DATA PROVIDED:
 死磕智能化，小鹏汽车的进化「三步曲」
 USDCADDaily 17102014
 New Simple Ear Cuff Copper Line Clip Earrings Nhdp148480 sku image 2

WHAT TO DO:
Please transcribe the entire listing exactly as given.

FINAL ANSWER:
 死磕智能化，小鹏汽车的进化「三步曲」
 USDCADDaily 17102014
 New Simple Ear Cuff Copper Line Clip Earrings Nhdp148480 sku image 2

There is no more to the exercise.